___ RECORDS PROVIDED

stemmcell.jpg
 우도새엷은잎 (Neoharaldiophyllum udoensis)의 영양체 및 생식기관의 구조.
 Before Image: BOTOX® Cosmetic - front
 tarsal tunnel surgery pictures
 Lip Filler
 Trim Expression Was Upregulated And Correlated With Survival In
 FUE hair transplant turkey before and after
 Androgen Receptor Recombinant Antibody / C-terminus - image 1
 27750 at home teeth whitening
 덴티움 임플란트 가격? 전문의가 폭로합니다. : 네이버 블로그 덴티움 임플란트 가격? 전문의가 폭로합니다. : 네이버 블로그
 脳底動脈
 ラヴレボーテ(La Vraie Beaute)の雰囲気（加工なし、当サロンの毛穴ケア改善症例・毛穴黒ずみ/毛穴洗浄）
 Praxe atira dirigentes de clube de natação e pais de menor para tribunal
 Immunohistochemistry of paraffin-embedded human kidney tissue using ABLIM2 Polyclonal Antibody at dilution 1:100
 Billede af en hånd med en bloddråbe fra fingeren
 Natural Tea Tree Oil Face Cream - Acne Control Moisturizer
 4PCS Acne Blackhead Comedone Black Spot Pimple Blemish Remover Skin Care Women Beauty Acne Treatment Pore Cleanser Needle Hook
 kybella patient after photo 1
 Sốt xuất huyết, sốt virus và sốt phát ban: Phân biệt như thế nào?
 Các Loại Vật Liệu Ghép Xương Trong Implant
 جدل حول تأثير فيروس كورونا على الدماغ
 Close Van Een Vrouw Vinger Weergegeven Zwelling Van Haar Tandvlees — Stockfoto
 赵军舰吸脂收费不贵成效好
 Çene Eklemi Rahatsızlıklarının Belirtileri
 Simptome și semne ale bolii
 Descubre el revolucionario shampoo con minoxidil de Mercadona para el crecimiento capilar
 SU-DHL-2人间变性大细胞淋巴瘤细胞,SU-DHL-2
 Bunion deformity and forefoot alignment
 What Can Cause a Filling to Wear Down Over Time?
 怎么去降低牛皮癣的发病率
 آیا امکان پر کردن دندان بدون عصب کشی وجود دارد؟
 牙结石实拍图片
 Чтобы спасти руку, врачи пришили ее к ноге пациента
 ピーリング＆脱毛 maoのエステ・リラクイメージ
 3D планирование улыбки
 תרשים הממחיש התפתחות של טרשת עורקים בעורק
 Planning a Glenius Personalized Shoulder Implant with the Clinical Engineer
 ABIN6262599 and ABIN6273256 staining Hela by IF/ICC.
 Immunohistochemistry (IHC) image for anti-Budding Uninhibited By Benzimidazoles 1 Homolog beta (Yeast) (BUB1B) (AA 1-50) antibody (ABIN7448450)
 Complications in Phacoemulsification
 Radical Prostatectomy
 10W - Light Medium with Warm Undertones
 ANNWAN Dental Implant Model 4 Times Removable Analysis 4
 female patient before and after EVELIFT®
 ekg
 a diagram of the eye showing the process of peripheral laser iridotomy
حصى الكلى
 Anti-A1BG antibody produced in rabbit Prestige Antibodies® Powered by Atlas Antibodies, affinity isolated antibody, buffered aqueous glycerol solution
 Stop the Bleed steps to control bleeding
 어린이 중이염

______

● EXERCISE OBJECTIVE
Using the data above, extract exactly the lines from the one that holds "ピーリング＆脱毛 maoのエステ・リラクイメージ" to the one that holds "ABIN6262599 and ABIN6273256", both ends included, and no others.

● EXERCISE OUTPUT
 ピーリング＆脱毛 maoのエステ・リラクイメージ
 3D планирование улыбки
 תרשים הממחיש התפתחות של טרשת עורקים בעורק
 Planning a Glenius Personalized Shoulder Implant with the Clinical Engineer
 ABIN6262599 and ABIN6273256 staining Hela by IF/ICC.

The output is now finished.